Em vez da catequese, metemo-nos ao caminho sem dinheiro e apenas com o resto do almoço nas marmitas para nos sustentar ao longo da aventura.
A única regra do plano era não perdermos o rasto à linha do comboio, a fim de sabermos sempre o caminho de volta caso algum de nós se arrependesse a meio da nossa jornada de luta. E assim fizemos, correndo riscos sérios que só por mero acaso não resultaram em tragédia para qualquer um de nós. Foram diversas as ocasiões em que nos safámos à justa de um desfecho menos bom.
Depois de esgotados os mantimentos, cansados pelos quilómetros percorridos a pé e já fartos de comer fruta roubada nas mercearias com que nos cruzámos, a nossa resistência acabaria por enfraquecer. Discutido o problema e medidos os prós e os contras, decidimos regressar depois de congeminada uma desculpa infantil para o nosso desaparecimento.
Foi o meu pai que nos encontrou, já perto da escola, numa noite fria em que a vizinhança percorria por turnos as ruas em busca das duas crianças que se presumiam raptadas ou pior. Os pais do meu amigo não participariam nessa iniciativa. Estavam em casa quando o meu pai lhes entregou o rapaz e recordo a falta de entusiasmo com que receberam de volta o filho cujo paradeiro desconheciam. A queixa à polícia parecia-lhes transtorno bastante com a situação.
Consegui a custo entender-me com a família, insistindo na valia das minhas razões. A catequese deixou nesse dia de constituir obrigação e ficou encerrado o mal-estar pela vergonha da invulgar (e excessiva) punição que me havia sido dada na escola.
Mas com o meu amigo as coisas não se passariam da mesma forma. Até ao final do ano lectivo não voltaria a frequentar o externato, os pais decidiram mudar de casa e não voltaria a vê-lo até que uma extraordinária coincidência nos reuniu, anos mais tarde.
Reconheci-o entre a multidão que atafulhava o autocarro da carreira 33, dias depois de festejar os dezassete anos de idade.
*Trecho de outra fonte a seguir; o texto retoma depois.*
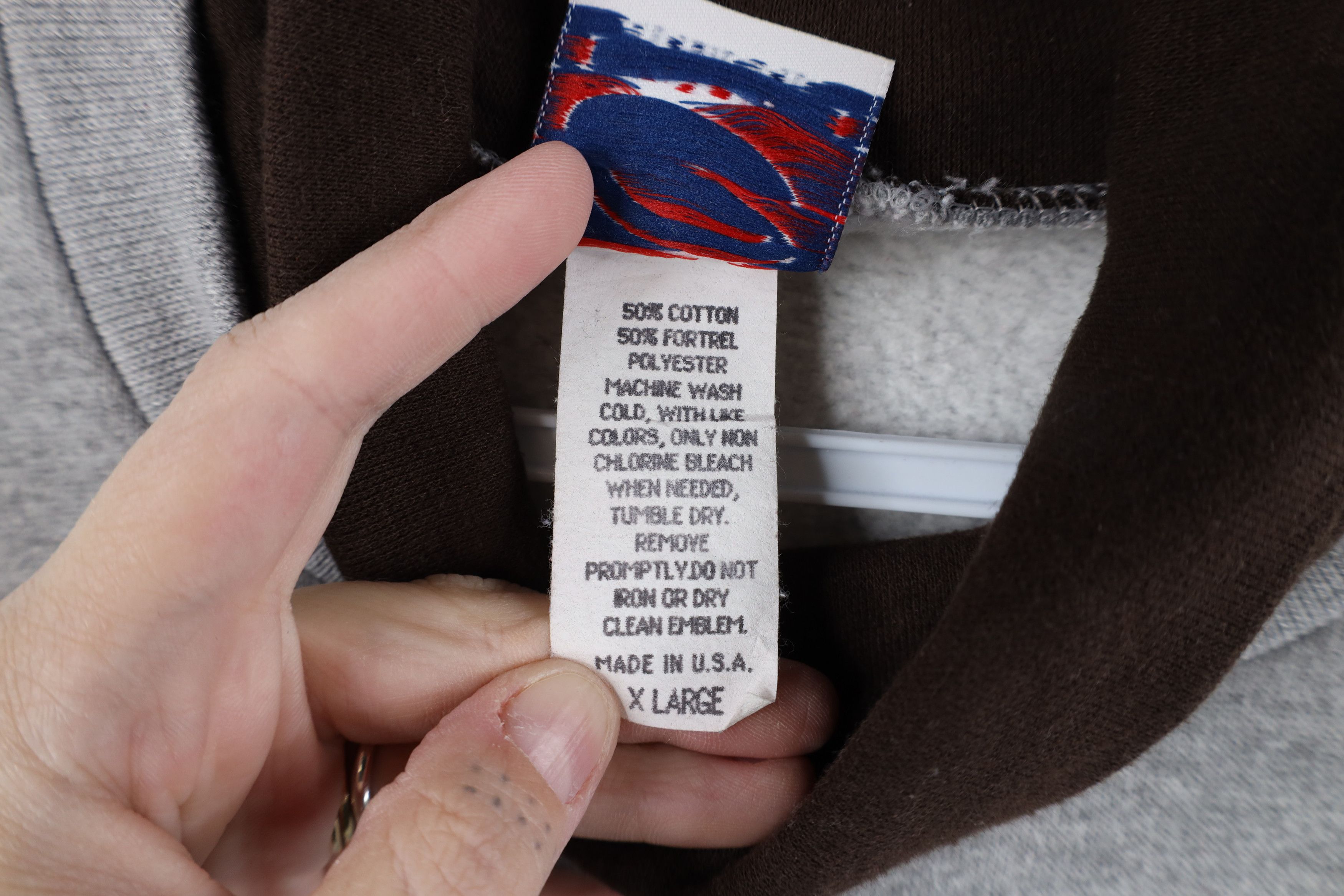 Vintage Vintage 90s Lighthouse Turtleneck Sweatshirt USA Size XL / US 12-14 / IT 48-50 - 8 Thumbnail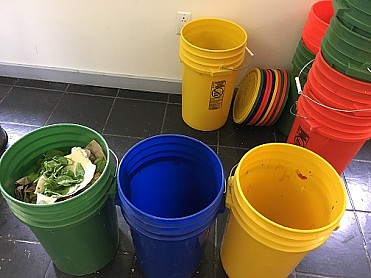 Food Scraps Collection Buckets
Estava diferente, o meu amigo, sobretudo no olhar.
Manifestei a minha alegria por reencontrá-lo mas ele não correspondeu. Nem um sorriso decente consegui arrancar-lhe, tal era a tristeza que parecia agarrada ao seu semblante como uma máscara de ferro coberta das cicatrizes de um período negro que atravessou.
Resumiu-me em poucas palavras a sua versão do que vivera na sequência da situação que nos separou ao longo desses anos.
Os pais, classe média alta e formação superior, confrontados com a maçada de criar um filho mais irrequieto do que a maioria nem hesitariam em enfiá-lo sem apelo num colégio interno, algo que inspirava terror a qualquer puto dessa época, e de onde acabaria por fugir para uma existência marcada pela marginalidade.
Deixou-se agarrar pela heroína e percorria as vielas do costume na espiral da degradação, as que a vida oferece a quem se vê só e sem qualquer esperança no futuro.
Ficou-me na memória este exemplo flagrante de como uma mesma situação pode produzir efeitos tão distintos no destino de cada um de nós. E no caso concreto, a diferença resultaria afinal das escolhas dos pais quando lhes competiu tomarem decisões e não das dissonâncias significativas nas personalidades ou nos comportamentos dos filhos em questão.
Ficou-me na consciência a noção da responsabilidade tremenda que assenta nos ombros de quem opta por ser mãe ou pai. Não há margem de manobra para a estupidez.